(What you should do)
If an entry holds a picture, leave that picture out; copy everything else exactly.

(Provided information)
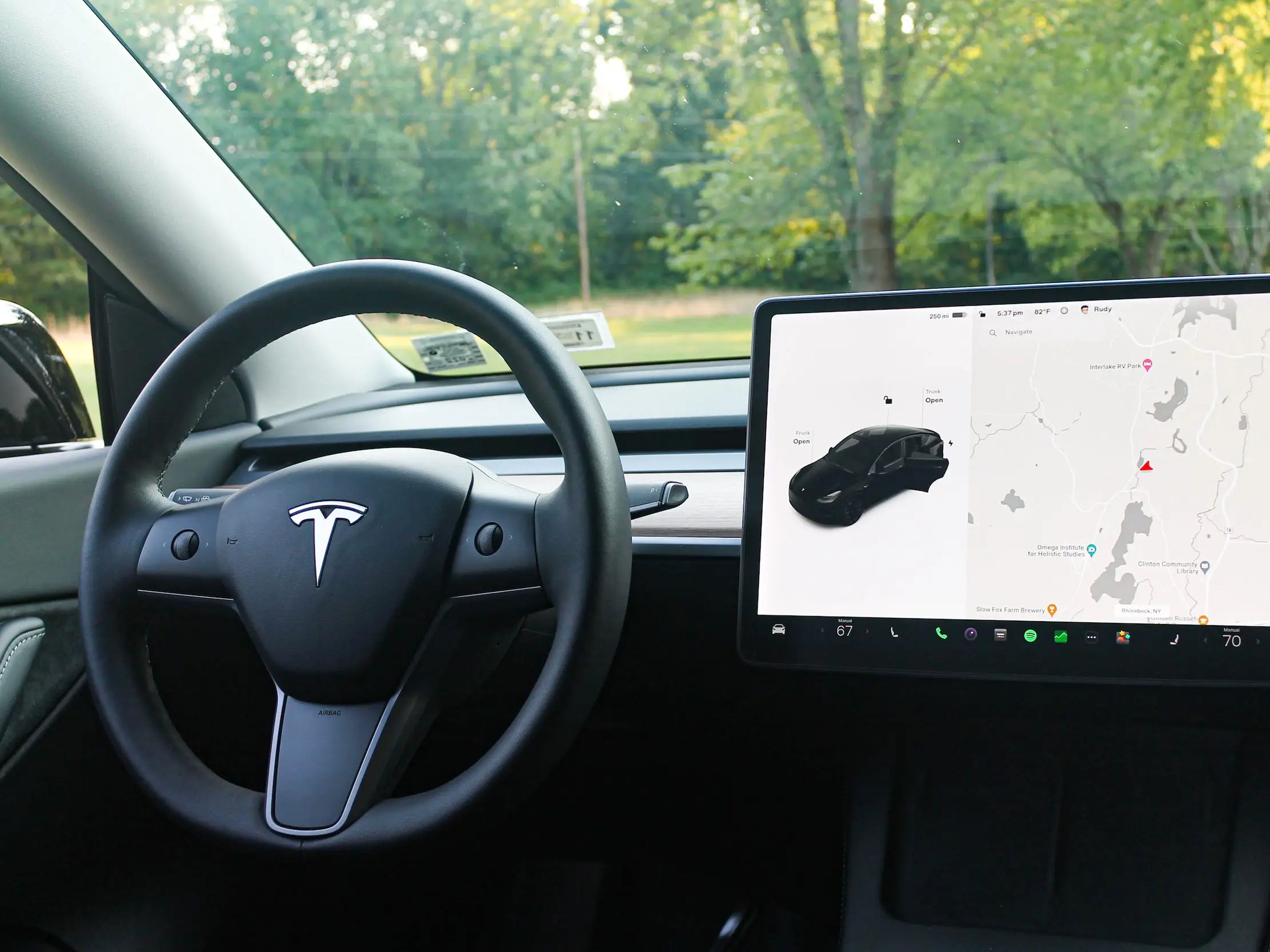 Eberhard dice que no es un fan del software de conducción autónoma de Tesla.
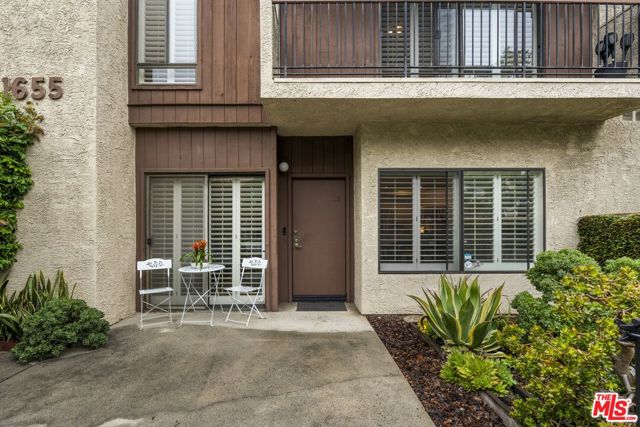 1655 Greenfield Avenue, Los Angeles CA: https://media.crmls.org/mediaz/23c4c52d-66ee-4de0-951d-3f67efa8bf87.jpg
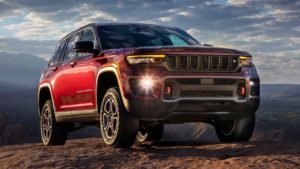 Jeep офіційно оголосив про старт продажу позашляховика Grand Cherokee L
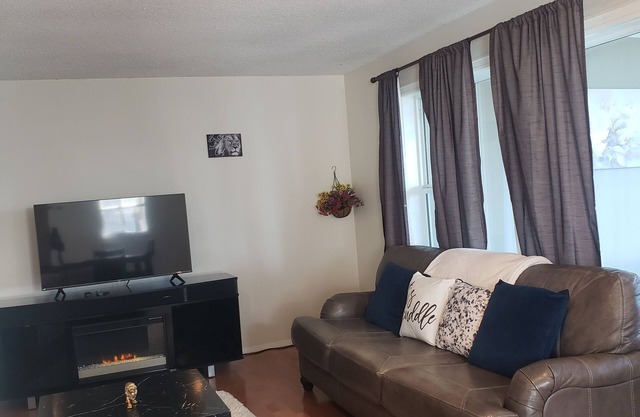 Peaceful/Relaxing/No Shared Spaces/Pet friendly Dawson Creek BC Home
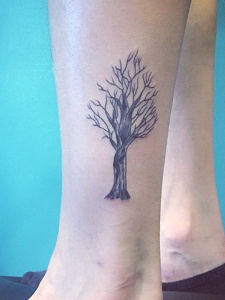 脚上茂盛开枝大树的个性纹身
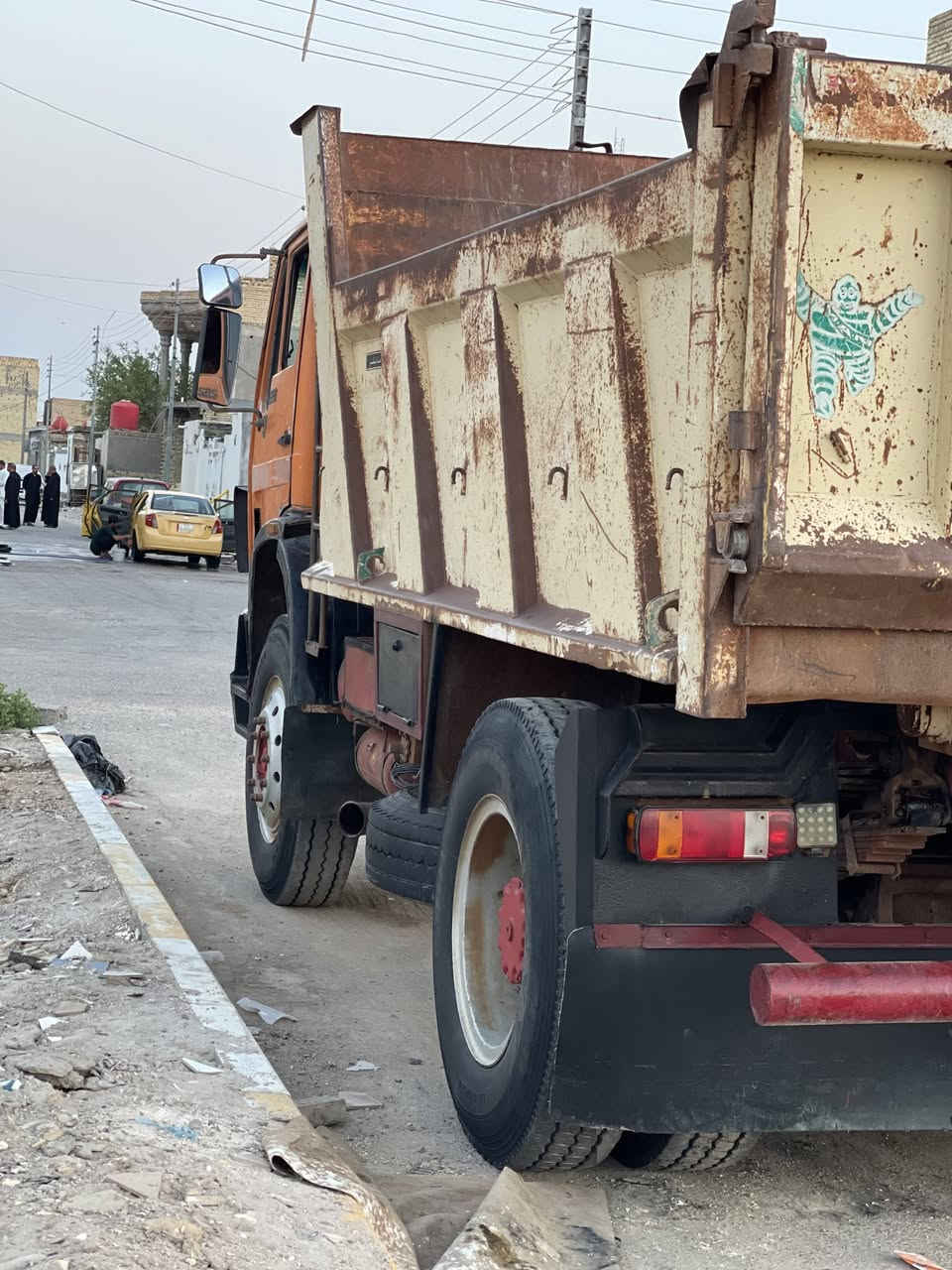 #سلام عليكم
البي البيع موديل 75 سياره جاهزه تبريد تخم تاير مكينه مكفوله شاصي مكفول التحويل ثاني يوم العنوان ميسان ستفسار على الرقم 
***********
***********
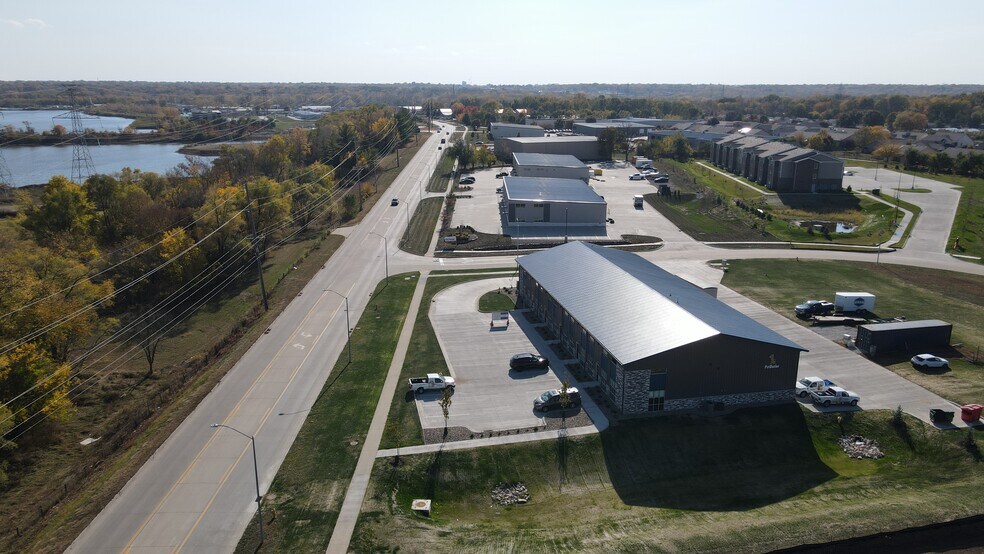 4705 NW 59th Ave, Johnston, IA à louer - Photo de l’immeuble – Image 2 sur 3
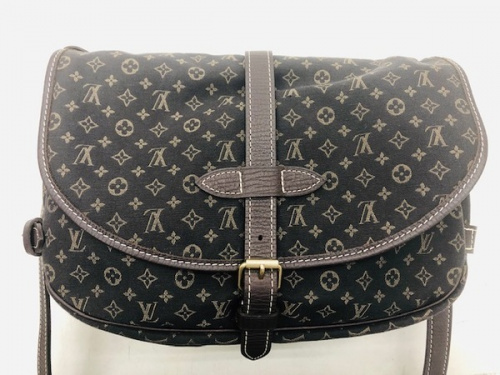 バッグのＬＯＵＩＳＶＵＩＴＴＯＮ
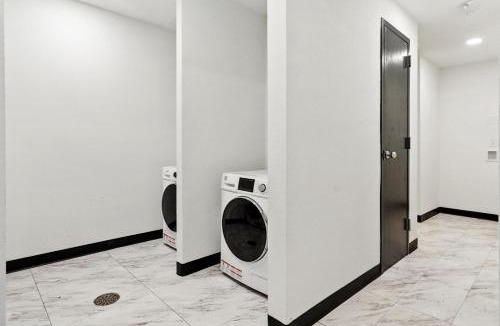 Tulsa Apartment | Stunning One Bedroom Penthouse with City Views
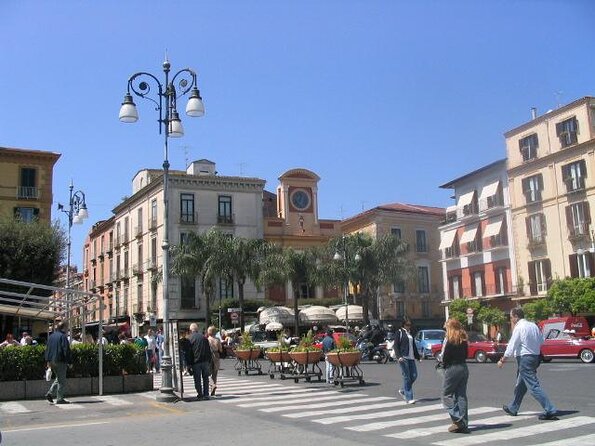 Amalfi Coast Day Tour from Sorrento with Light Lunch and Wine - Why This Tour Works From Sorrento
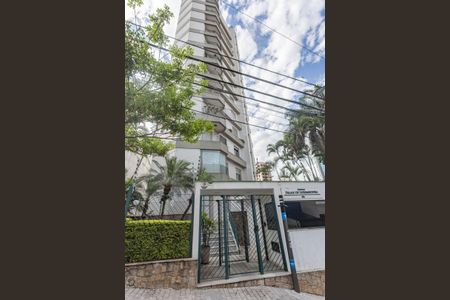 Apartamento à venda com 157m², 3 quartos e 3 vagasFachada
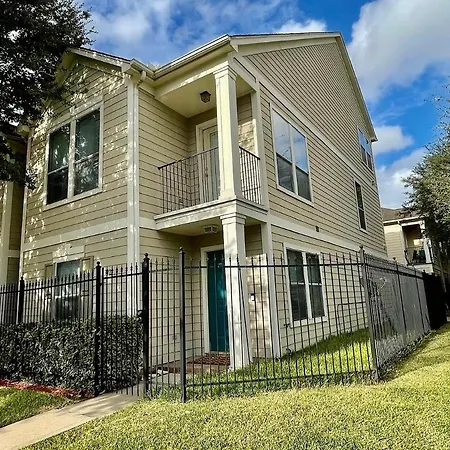 Renovated 2Br 2Ba Townhome With Garage - Walk To Bbva Toyota Center Bars And Much More-2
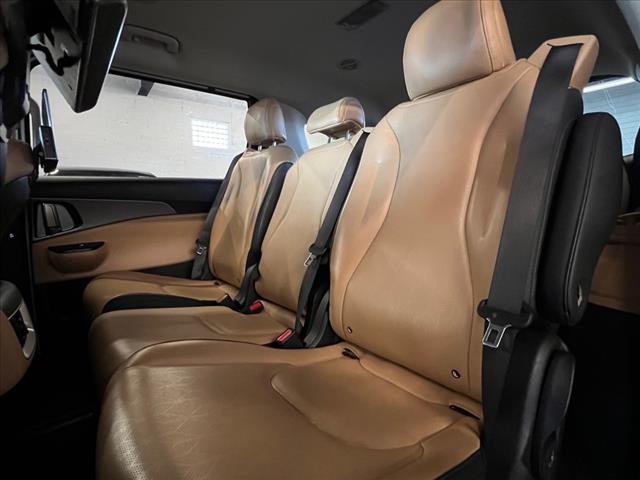Vehicle image 20 of 29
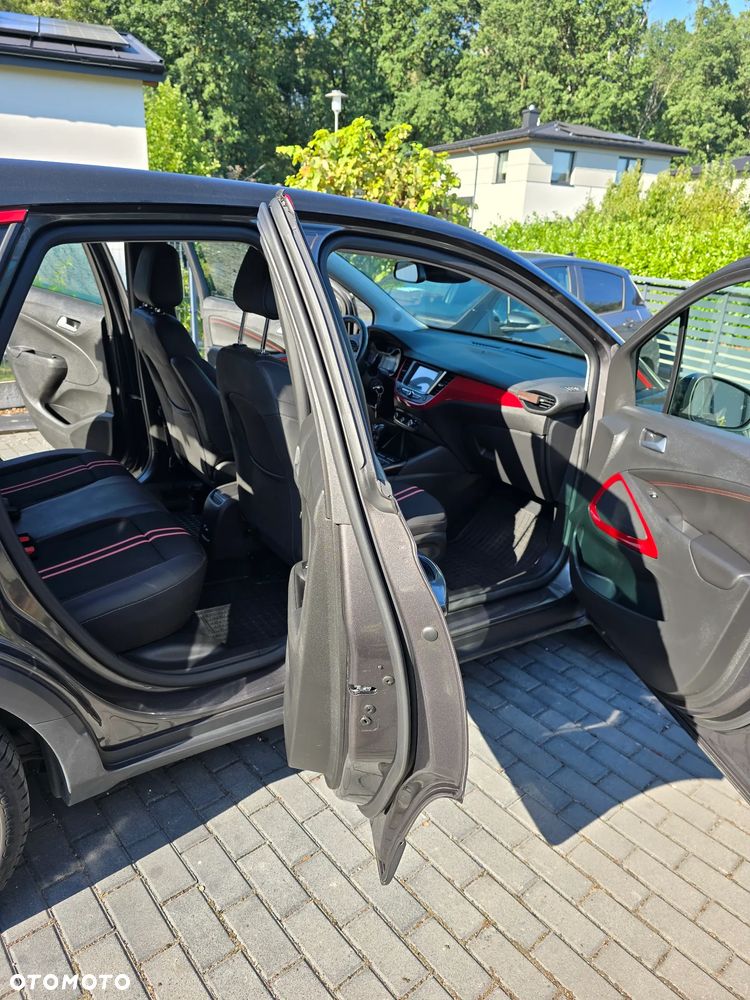 Opel Crossland 1.2 T GS Line - 10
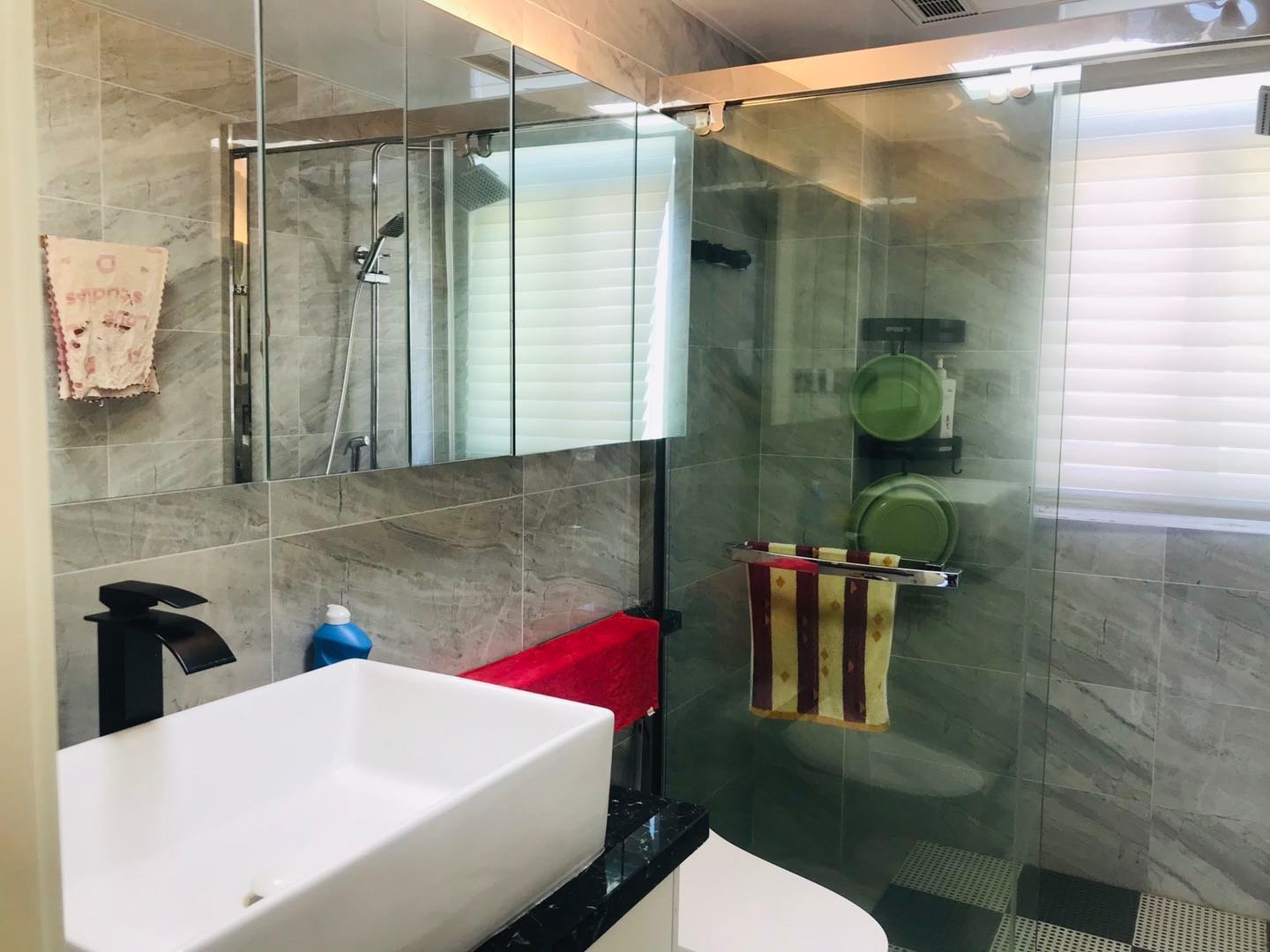 世纪雅园，精装三房两卫，小高层，好楼层，单价4千多，成色新，证满二，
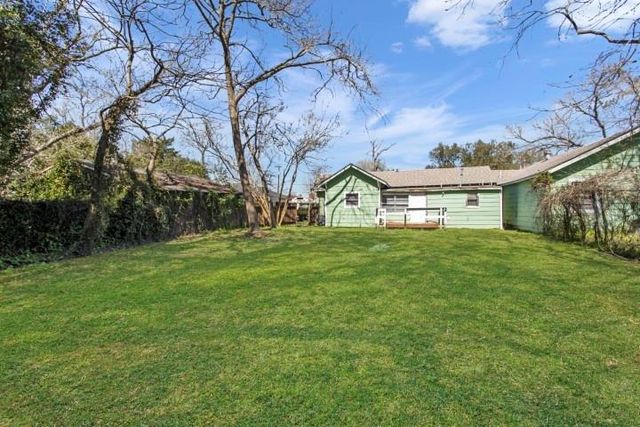 2616 46th Street, Dickinson, TX 77539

(Response)
 Eberhard dice que no es un fan del software de conducción autónoma de Tesla.
 1655 Greenfield Avenue, Los Angeles CA: https://media.crmls.org/mediaz/23c4c52d-66ee-4de0-951d-3f67efa8bf87.jpg
 Jeep офіційно оголосив про старт продажу позашляховика Grand Cherokee L
 Peaceful/Relaxing/No Shared Spaces/Pet friendly Dawson Creek BC Home
 脚上茂盛开枝大树的个性纹身
 #سلام عليكم
البي البيع موديل 75 سياره جاهزه تبريد تخم تاير مكينه مكفوله شاصي مكفول التحويل ثاني يوم العنوان ميسان ستفسار على الرقم 
***********
***********
 4705 NW 59th Ave, Johnston, IA à louer - Photo de l’immeuble – Image 2 sur 3
 バッグのＬＯＵＩＳＶＵＩＴＴＯＮ
 Tulsa Apartment | Stunning One Bedroom Penthouse with City Views
 Amalfi Coast Day Tour from Sorrento with Light Lunch and Wine - Why This Tour Works From Sorrento
 Apartamento à venda com 157m², 3 quartos e 3 vagasFachada
 Renovated 2Br 2Ba Townhome With Garage - Walk To Bbva Toyota Center Bars And Much More-2
Vehicle image 20 of 29
 Opel Crossland 1.2 T GS Line - 10
 世纪雅园，精装三房两卫，小高层，好楼层，单价4千多，成色新，证满二，
 2616 46th Street, Dickinson, TX 77539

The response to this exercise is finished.